In December, Carney and other ADOS members met with the Mississippi Legislative Black Caucus Issues & Policy Committee. They asked the caucus to consider legislation that could recognize descendants of slavery as a distinct ethnic group.

“If we had a reparations bill in the state, I know 100 percent of (Republicans) would stand against it,” said Anthony Moore, the chapter president and a Jackson resident. “But a policy like recognizing the identity of African Americans who descend from chattel slavery, that’s not a huge ask. There’s no monetary value attached to that. …But it’s absolutely important for future litigation on the basis of our identity.”

Rep. Jeramey Anderson (D-Moss Point) said ADOS Mississippi was helping to start a conversation that is “overdue.” But action by the Legislature to support restorative justice aimed at Black Mississippians descended from slavery, like the bill in California, “still remains a far-fetched idea,” he said.

Rep. Zakiya Summers (D-Jackson) said legislation to gather data about the economic status of Black Mississippians descended from slavery would be “a good start.”

“If we are ever to achieve racial justice, it is imperative that we study the impacts of slavery and its legacy and then do right by Black people just as we have done for other communities that experienced grave injustices,” she said.

A BIPARTISAN AGENDA?
Haslam emphasized that the organization’s agenda is bipartisan.

“We’re a red, conservative state, so we gotta work with whoever is in office,” Haslam said.

He said a reparations program could be modeled after the one for Japanese Americans who were interned during World War II: Starting in 1990, the government paid a total of $1.25 billion to 60,000 survivors of internment camps and their heirs, in checks of $20,000 each.

The most prominent reparations legislation in Washington is H.R. 40, which is similar to the California reparations bill.
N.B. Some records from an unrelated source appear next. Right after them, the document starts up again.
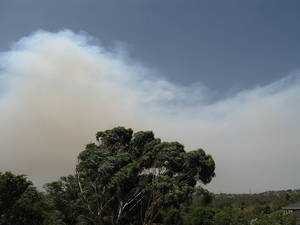 墨尔本东部的森林大火烟雾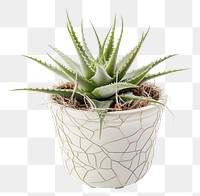 PNG Photography of cobweb houseleek in pot plant aloe houseplant flowerpot.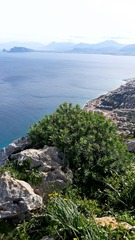 Euphorbia dendroides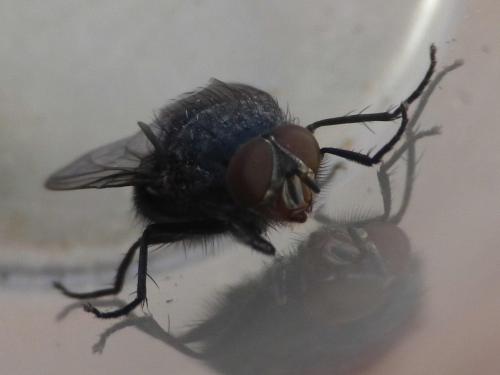 Calliphora sp.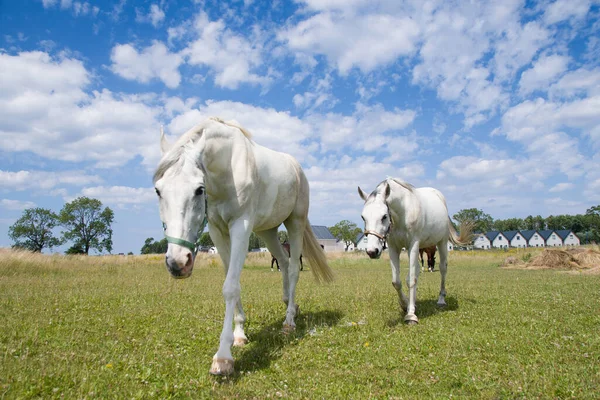 Ritratto Bel Cavallo Bianco — Foto Stock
In April, it advanced out of a House committee and now faces a full House vote, more than 30 years after it was first introduced.
Carney said one problem with H.R. 40 is that it discusses “reparation proposals for African Americans,” not specifically for descendants of enslaved people. Any race-based reparations policy would likely be found unconstitutional at the Supreme Court.

Last year, though, ADOS Mississippi activists wrote to Republican Sens. Cindy Hyde-Smith and Roger Wicker urging them to support the counterpart to H.R. 40 in the Senate. Both responded, albeit formulaically.

“Be assured I will keep your views in mind as Congress considers legislation affecting reparation proposals for African-Americans,” Wicker wrote.